Xcel Energy also joined the EPA’s Natural Gas STAR Methane Challenge Program in March of 2016 as a founding member to further our commitment to reduce methane emissions from our natural gas distribution system. Under the program, we expect to achieve emissions reductions in excess of 50 percent, as we work to minimize methane emissions from venting pipelines during scheduled construction starting in 2017.
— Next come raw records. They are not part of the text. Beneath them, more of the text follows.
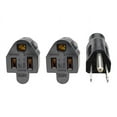 thumbnail image 3 of P02418N13A2R Standard Power Extension Cord Y Splitter Cable, 13A, 16AWG (NEMA 515P to 2x NEMA 515R), 18in, 3 of 7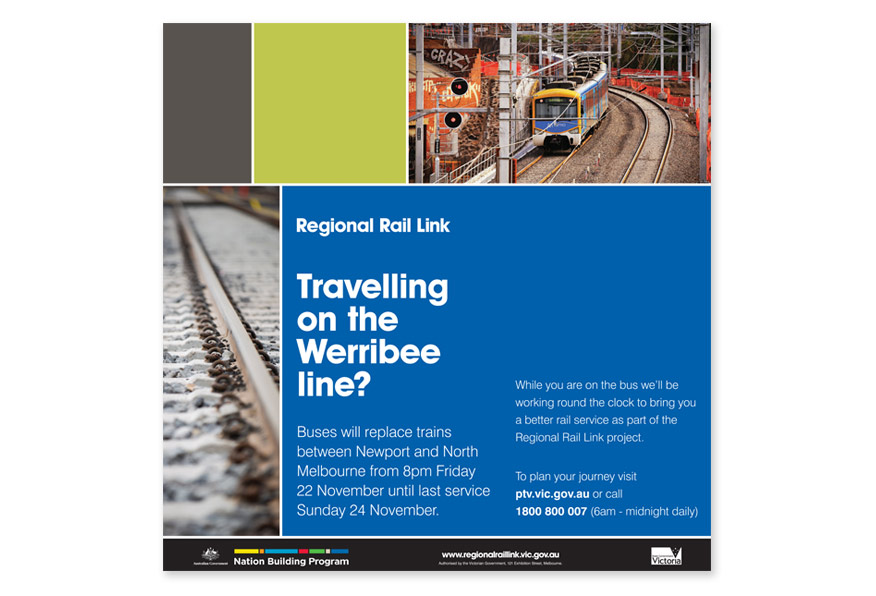 Regional Rail Link Werribee line decal.
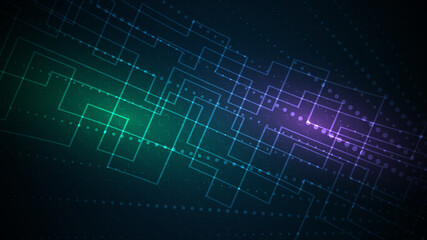 Technology background Hi-tech communication concept innovation abstract background vector illustration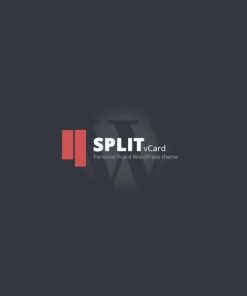 Split : WordPress CV Vcard Template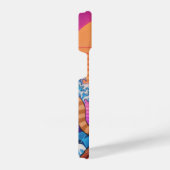 Minimal Wave iPhone 14 Case Hülle (Rechte Seite)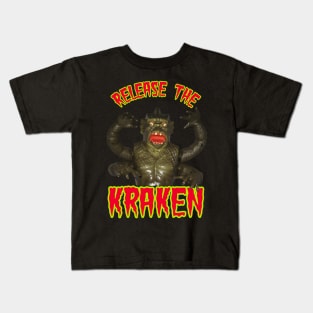 Release the Kraken - 80s Clash of the Titans Toy Kids T-Shirt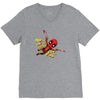 pew pew deadpool V-Neck Tee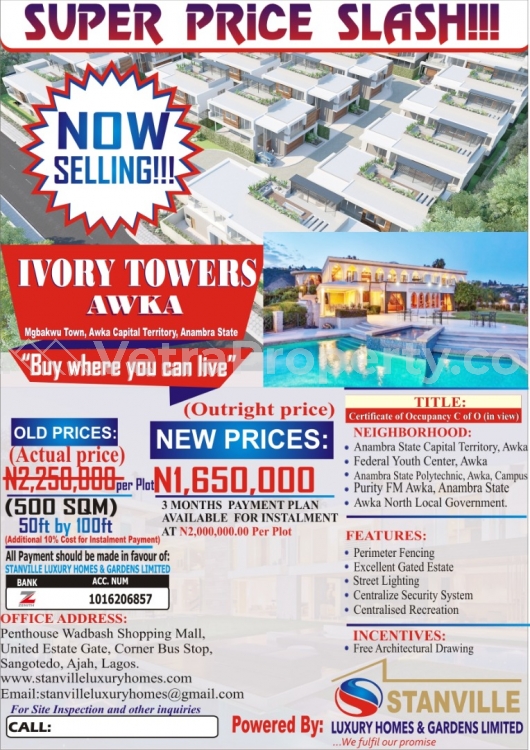  Commercial Plots of Lands For Sale in Awka  Land for Sale Awka North Anambra Vetra  Property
In addition to these programs, we also work with the natural gas industry and environmental organizations to understand methane emissions from the delivery system. Xcel Energy is a member the Natural Gas Downstream Initiative, a collaborative effort with other major gas utilities, facilitated by MJ Bradley & Associates. The initiative is focused on opportunities that can substantially reduce methane emissions and support safe, reliable and cost-effective service. We also participate in research studies to help us fully understand the potential issues associated with providing our customers’ energy service.
All of these programs support our proactive approach to operating and maintaining the natural gas system that benefits customers.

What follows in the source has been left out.